(Extracted data entries)
____________

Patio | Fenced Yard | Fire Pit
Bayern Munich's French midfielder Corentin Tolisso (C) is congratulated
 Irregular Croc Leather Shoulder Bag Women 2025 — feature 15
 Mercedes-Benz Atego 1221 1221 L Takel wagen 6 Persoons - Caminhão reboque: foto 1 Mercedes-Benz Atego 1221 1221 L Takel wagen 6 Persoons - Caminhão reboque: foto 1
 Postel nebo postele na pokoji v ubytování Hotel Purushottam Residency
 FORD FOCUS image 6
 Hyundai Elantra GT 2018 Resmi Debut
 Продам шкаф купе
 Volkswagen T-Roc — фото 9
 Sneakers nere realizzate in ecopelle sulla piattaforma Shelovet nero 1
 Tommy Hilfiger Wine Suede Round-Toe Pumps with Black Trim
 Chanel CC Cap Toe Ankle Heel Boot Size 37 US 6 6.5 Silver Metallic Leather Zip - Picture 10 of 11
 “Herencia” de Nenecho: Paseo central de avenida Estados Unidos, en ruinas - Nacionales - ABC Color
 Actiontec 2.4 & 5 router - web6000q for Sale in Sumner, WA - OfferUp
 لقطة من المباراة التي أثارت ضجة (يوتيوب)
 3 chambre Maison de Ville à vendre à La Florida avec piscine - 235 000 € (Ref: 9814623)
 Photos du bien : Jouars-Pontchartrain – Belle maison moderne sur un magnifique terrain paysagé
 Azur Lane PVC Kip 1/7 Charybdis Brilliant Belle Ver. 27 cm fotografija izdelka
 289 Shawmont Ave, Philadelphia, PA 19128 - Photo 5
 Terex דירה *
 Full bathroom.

____________

### TASK TO CARRY OUT
Look through the entries and return each line that has the word "Belle" in it.

### SOLUTION BELOW
 Photos du bien : Jouars-Pontchartrain – Belle maison moderne sur un magnifique terrain paysagé
 Azur Lane PVC Kip 1/7 Charybdis Brilliant Belle Ver. 27 cm fotografija izdelka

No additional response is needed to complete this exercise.